In Indiana Department of Environmental Management v. Raybestos Products Co., No. 49A02-0609-CV-782, IDEM appealed the trial court's grant of partial summary judgment to Raybestos on the issue of a breeched agreed order and a judgment of more than $16 million to Raybestos after a bench trial.

Raybestos - which makes car brakes and clutches - is located next to Shelly Ditch, an open earthen drain pool that empties into Sugar Creek. IDEM tested the water in Shelly Ditch in 1995 and found polychlorinated biphenyls (PCBs) in the water downstream from the plant. IDEM sent Raybestos a notice of potential liability, and the two parties entered into an "agreed order" in which Raybestos would prepare a risk assessment subject to the approval of IDEM. IDEM approved a plan submitted by Raybestos that would clean the water to contain no more than 238 parts per million of PCB in certain "hot spots."

Following personnel changes, IDEM decided to disapprove the cleanup proposal, fearing it would set a bad precedent, and withdrew its approval of the risk assessment.

An administrative law judge reviewed IDEM's actions and determined Raybestos waived its right to seek review based upon the terms of the agreed order. Raybestos sought judicial review of the administrative law judge's ruling. The Marion Circuit judge determined Raybestos did not waive its right and IDEM had no authority to withdraw its approval; the judge order IDEM to re-approve the risk assessment and cleanup. Instead of appealing, IDEM contacted the Environmental Protection Agency to get involved. The EPA issued a unilateral administrative order requiring Raybestos to clean up the PCB levels to no greater than 10 parts per million, as is required by federal regulation.

Raybestos filed a complaint in Marion Superior Court of breach of contract against IDEM and sought damages for the more costly EPA-ordered cleanup. The trial court granted partial summary judgment to Raybestos on the breach issue and entered judgment of more than $16 million in damages and attorney fees.

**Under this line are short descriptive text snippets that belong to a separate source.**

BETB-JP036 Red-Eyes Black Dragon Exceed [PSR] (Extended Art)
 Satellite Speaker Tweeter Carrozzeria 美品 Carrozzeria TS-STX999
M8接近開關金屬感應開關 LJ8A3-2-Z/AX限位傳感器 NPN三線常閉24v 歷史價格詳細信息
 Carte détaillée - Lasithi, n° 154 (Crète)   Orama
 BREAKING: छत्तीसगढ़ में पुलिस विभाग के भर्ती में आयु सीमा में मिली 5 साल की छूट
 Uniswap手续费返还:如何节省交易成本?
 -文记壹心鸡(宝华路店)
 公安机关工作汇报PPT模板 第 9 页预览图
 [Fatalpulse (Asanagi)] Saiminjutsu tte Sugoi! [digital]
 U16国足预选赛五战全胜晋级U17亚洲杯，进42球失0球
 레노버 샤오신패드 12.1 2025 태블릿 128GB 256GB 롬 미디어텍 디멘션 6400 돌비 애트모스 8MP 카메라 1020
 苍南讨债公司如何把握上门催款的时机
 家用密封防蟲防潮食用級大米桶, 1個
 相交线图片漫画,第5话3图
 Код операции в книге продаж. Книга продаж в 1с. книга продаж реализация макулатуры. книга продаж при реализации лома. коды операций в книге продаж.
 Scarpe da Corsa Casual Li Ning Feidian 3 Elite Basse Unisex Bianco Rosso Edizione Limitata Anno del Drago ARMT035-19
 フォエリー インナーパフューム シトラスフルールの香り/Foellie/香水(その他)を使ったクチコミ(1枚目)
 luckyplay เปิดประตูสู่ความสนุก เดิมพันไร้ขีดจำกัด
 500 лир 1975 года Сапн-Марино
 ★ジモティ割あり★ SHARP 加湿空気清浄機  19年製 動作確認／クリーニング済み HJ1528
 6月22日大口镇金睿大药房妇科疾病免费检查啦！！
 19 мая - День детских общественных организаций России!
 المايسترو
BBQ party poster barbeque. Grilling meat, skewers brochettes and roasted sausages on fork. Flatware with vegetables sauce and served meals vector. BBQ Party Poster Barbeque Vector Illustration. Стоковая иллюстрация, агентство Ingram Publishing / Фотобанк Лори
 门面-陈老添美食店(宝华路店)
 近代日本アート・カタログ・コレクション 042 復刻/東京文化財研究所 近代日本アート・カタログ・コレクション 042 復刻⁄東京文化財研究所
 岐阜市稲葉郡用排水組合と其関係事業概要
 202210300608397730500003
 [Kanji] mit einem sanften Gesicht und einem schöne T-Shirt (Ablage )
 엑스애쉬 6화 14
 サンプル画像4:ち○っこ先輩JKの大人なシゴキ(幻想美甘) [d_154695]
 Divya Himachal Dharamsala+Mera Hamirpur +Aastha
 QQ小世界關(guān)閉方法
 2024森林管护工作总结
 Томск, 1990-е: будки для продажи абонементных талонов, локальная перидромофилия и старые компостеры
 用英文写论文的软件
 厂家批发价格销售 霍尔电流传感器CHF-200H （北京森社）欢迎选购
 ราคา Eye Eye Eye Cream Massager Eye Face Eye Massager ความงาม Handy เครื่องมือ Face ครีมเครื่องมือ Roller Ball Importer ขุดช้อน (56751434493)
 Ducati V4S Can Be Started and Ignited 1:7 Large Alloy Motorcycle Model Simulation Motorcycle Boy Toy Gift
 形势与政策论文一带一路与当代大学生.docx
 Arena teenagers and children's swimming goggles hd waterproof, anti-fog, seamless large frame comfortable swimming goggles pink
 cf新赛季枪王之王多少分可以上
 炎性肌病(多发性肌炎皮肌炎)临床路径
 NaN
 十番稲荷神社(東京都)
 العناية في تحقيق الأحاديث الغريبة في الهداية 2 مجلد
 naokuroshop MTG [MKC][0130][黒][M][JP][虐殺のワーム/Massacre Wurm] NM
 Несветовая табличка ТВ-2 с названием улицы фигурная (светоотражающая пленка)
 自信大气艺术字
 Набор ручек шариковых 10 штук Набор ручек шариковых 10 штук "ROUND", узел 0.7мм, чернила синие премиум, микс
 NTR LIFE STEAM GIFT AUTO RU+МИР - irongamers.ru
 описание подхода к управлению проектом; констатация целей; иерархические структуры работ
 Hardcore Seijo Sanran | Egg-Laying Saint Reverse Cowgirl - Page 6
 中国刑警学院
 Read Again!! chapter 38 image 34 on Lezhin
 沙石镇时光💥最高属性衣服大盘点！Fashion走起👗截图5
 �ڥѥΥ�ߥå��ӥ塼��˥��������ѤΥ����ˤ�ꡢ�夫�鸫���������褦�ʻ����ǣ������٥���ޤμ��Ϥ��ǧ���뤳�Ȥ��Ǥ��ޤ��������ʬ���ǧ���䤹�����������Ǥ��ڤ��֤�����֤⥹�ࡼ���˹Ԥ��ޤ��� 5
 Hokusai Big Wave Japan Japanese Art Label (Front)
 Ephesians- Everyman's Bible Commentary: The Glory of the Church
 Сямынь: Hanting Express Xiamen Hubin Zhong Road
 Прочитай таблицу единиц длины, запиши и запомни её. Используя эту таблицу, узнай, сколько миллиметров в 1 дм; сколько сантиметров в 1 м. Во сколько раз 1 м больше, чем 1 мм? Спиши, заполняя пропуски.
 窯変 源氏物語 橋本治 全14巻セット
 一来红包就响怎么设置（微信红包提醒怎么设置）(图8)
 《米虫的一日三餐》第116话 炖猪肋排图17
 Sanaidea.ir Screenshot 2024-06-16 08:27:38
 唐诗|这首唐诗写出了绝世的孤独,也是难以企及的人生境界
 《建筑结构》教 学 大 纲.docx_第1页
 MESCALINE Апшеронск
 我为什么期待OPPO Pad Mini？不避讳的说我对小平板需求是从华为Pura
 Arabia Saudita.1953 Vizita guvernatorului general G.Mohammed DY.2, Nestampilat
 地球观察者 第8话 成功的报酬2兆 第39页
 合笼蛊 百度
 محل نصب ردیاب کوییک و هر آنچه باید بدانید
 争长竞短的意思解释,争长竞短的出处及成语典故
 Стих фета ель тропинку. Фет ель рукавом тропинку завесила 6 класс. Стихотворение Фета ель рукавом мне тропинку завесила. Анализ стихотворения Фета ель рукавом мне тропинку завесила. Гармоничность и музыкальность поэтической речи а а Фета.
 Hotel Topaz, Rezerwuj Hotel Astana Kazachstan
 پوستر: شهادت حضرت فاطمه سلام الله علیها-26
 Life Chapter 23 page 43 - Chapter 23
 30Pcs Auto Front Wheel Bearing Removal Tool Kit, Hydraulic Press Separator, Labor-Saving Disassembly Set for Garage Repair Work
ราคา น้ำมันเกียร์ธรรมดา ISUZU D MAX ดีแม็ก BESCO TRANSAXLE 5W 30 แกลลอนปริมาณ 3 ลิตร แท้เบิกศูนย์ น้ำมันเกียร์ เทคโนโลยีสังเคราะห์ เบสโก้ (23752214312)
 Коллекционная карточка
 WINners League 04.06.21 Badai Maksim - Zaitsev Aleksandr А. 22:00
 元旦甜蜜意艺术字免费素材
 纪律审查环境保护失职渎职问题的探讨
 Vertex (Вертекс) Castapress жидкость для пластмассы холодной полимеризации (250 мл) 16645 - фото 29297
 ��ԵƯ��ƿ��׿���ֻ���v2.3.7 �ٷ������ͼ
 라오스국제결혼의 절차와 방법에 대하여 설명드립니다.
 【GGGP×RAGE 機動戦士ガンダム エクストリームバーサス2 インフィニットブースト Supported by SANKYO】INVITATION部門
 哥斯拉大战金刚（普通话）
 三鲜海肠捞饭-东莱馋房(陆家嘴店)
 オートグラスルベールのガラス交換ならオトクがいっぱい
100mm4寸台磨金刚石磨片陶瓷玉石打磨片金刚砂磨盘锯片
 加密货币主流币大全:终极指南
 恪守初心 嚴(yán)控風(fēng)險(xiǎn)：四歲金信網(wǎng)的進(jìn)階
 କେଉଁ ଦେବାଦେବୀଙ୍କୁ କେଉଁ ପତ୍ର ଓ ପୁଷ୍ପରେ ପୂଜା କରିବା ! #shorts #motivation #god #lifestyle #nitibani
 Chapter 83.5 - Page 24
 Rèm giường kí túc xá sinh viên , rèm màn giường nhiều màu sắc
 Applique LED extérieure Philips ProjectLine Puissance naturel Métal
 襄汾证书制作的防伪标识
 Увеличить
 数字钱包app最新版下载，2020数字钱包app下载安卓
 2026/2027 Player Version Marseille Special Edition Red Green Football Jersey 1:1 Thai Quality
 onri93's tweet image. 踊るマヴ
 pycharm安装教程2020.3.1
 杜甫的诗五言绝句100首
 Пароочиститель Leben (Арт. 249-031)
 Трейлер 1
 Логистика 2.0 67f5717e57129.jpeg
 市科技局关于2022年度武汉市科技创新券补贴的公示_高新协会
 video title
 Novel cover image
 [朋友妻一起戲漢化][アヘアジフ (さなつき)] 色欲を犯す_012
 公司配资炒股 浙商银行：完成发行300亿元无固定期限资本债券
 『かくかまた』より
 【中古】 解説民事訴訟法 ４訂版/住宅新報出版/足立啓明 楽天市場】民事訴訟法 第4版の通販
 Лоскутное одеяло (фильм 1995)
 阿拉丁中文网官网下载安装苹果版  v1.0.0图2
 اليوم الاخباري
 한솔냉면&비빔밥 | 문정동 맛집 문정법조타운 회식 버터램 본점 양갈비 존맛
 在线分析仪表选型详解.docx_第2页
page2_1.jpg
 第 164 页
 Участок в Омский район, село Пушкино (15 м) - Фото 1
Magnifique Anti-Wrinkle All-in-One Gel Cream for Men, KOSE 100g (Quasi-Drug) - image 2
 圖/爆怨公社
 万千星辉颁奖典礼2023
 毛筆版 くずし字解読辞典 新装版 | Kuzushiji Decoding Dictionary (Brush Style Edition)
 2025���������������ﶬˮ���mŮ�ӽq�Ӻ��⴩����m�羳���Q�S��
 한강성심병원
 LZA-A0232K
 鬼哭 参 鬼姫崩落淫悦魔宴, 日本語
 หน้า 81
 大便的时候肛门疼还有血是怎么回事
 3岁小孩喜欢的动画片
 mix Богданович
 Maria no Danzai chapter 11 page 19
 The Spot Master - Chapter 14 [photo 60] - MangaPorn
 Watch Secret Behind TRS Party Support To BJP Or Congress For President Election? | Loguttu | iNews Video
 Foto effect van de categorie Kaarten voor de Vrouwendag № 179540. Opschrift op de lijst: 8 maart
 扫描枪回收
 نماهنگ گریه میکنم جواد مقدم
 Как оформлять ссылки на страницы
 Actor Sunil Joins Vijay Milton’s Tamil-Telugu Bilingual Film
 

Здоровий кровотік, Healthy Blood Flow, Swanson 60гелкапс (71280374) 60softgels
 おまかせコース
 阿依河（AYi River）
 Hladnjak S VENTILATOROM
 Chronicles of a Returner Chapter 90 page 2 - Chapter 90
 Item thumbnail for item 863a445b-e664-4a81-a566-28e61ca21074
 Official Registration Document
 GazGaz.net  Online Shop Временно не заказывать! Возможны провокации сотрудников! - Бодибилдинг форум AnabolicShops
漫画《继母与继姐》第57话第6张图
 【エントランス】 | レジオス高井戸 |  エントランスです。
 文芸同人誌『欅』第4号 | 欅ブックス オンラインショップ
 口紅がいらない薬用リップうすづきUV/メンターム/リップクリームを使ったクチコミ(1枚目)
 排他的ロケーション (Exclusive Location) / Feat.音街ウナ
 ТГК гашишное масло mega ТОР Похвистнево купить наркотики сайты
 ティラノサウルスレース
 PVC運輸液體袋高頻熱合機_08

The Court of Appeals determined the 238 parts per million cleanup proposed by Raybestos and based on the approved risk assessment by IDEM did not meet applicable federal standards. In the agreement order between the two parties, it stated in cases of conflict in applicable laws, rules, or ordinances that the most stringent standard would apply - the 10 parts per million of PCB in the water. An agreement that would permit cleanup levels more than 20 times that of the applicable federal regulations would be contrary to public policy and Raybestos can't rely on that agreement to recover for any breach by IDEM, wrote Judge Paul Mathias.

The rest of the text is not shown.